Seriously- my son turns 30 next week and makes about that. He owns a house and has a wonderful wife and a beautiful 6-month old daughter. DDIL is a SAHM. He paid cash for the used Nissan he drives to work; at one point he asked me if he should take out a 401(k) loan to pay the remaining balance on the loan for the Nissan SUV she brought into the marriage. She worked for the dealership so probably got better deal than most. The car loan was at 2%. I told him heck, No! She also had some debt from a 2-year business school. (He wanted a SAHM and my biggest fear was that he'd marry someone with $120K in loans.) They tithe. My biggest complaint is that while he's very good at accumulating money he shows no interest in investing it. Could be worse.

They're just really happy. They have cell phones but they aren't smartphones; vacations are at her family's place on a beach in Michigan or the occasional trip to a B&B. Next week they'll be visiting us. My granddaughter's clothing includes a lot of used pieces traded around by women in their church. DDIL turned DS' Man Cave into a home and the screened-in back porch now has wicker furniture she got at a garage sale.

It really helps that they live in a LCOL area, but I'd call them solid middle class and their life looks pretty good from here.

It sounds like your son and I would get along well. It was always my plan to marry and have a SAHM to raise the kids. Like anything in life, it takes planning. I searched high and low for a woman that wanted the same things, and when I found her, I married her. :)

We followed the traditional (or not so traditional now-adays) path of living separately until we were married. During our engagement, she was working as a school teacher and saved up every dime of her salary whilst living with her parents, and I paid off my student loans. Then we got married, bought a modest house, and threw all the money we had at the down payment except for a small chunk that would be the emergency fund. We ended up with a mortgage of about $15k. The loan officer at the bank looked at us sideways when we asked for such a small mortgage. Within 2 years, that mortgage was paid off.

Anyway, the point I'm trying to make is that you can live comfortably on a very modest income, but you have to prepare for it. You can't marry someone with wildly different financial habits, establish a lifestyle that requires two incomes, start a family with loads of debt, and still expect to magically transition over to a single income household with a SAHM when the child comes along.

Once the first child comes, you're either financially prepared or you're not. If that kid comes while both of you still need to work to support yourselves and pay off debts, you're going to be locked into that situation for at least 4-5 years before the daycare expenses end and that second income can finally be freed up to pay off the debts. If you have multiple children, you're looking at potentially a decade or more of work that you could have avoided, if you had just planned for it just 2 years earlier.
 
Today I overheard one man asserting to another that while your child won't get that much better of an education at Harvard than at U of MD, it's worth it to try to get your child into Harvard because your child will have "many, many times more and better opportunities" as a graduate of Harvard versus U of MD.
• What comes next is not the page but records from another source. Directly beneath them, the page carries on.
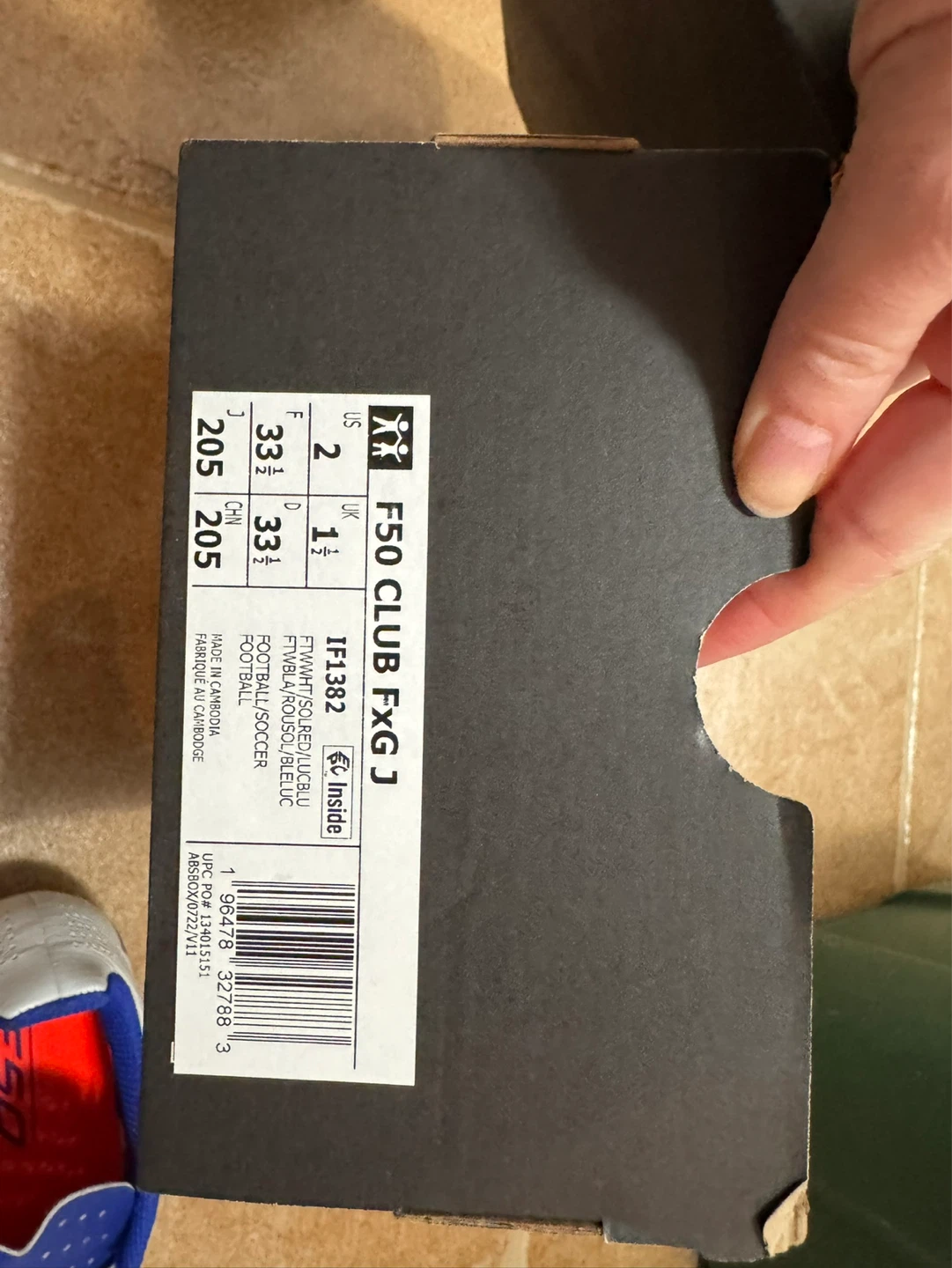 Adidas F50 Club FXG J Soccer Cleats Size 2 - photo 3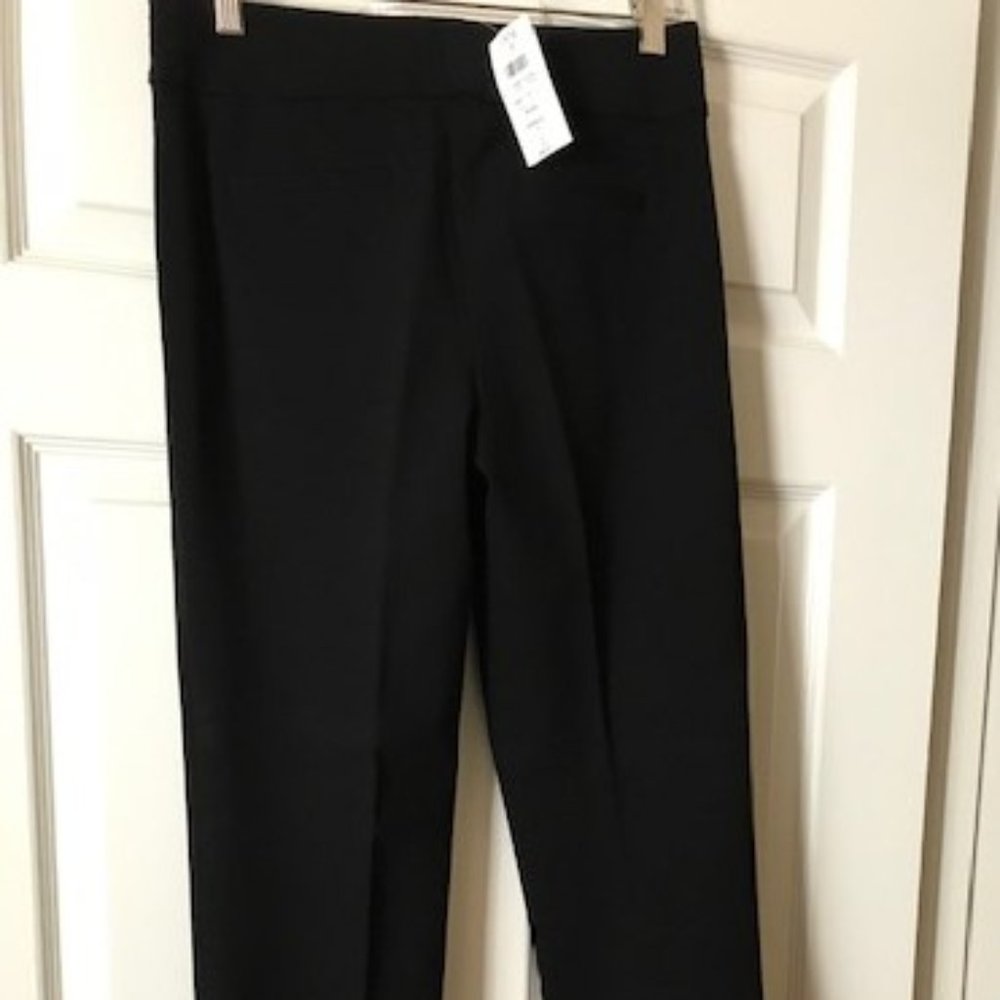 Cache' Black size 4, form-fitting dressy slacks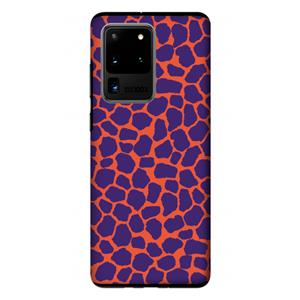 CaseCompany Purple Giraffe: Samsung Galaxy S20 Ultra Tough Case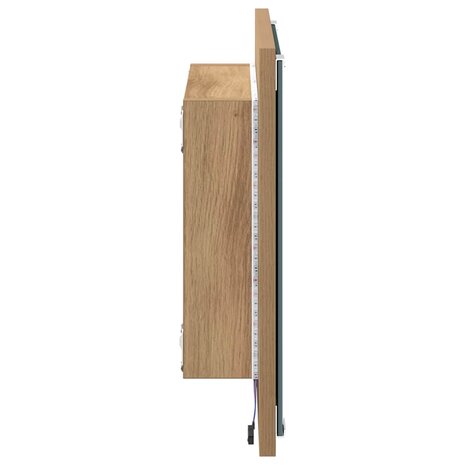 LED Badkamer Spiegel met spiegel Artisan Eiken 40 x 37 x 8.5 cm 6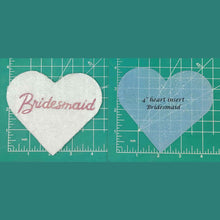 Load image into Gallery viewer, 4" Heart Inserts - Silicone Freshie Molds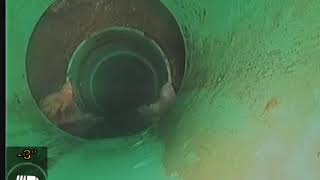 NuFlow Parker, Colorado Drainline Services Gap in Sewer before Nuflow installation pipelining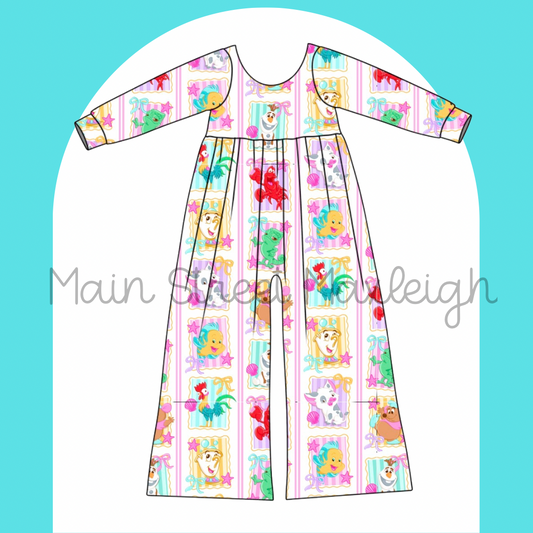 Framed sidekick romper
So there is an assertion of future income related to "access to greater opportunities," versus education per se.

Amethyst


I don't know about Harvard but MIT has "need blind" admissions. My understanding is if you get in, then you will pay what the FAFSA figures your family can afford. So, IF you can get in, there is little cost difference between there and many other lesser schools. Except of course, if you can get in at MIT, you could probably get a full ride somewhere else!
 
Here is a link to the Payscale report on starting and median salaries by college:

Full List of Schools - PayScale College Salary Report 2013-14

Salaries by major:
Majors That Pay You Back: PayScale College Salary Report 2012-13

An article on importance of what kind of degree:
College Major More Important Than Degree Itself

The Job Outlook Handbook:
Home : Occupational Outlook Handbook: : U.S. Bureau of Labor Statistics

We referred to all of these sources frequently with our kids when having school and salary discussions. They don't have to be petroleum engineers, and they can go to just CC or a 4 year + masters degree, but they do have to have reasonable expectations of being self supporting after graduation with a good ROI on our net cost, after accounting for any kind of aid they can qualify for.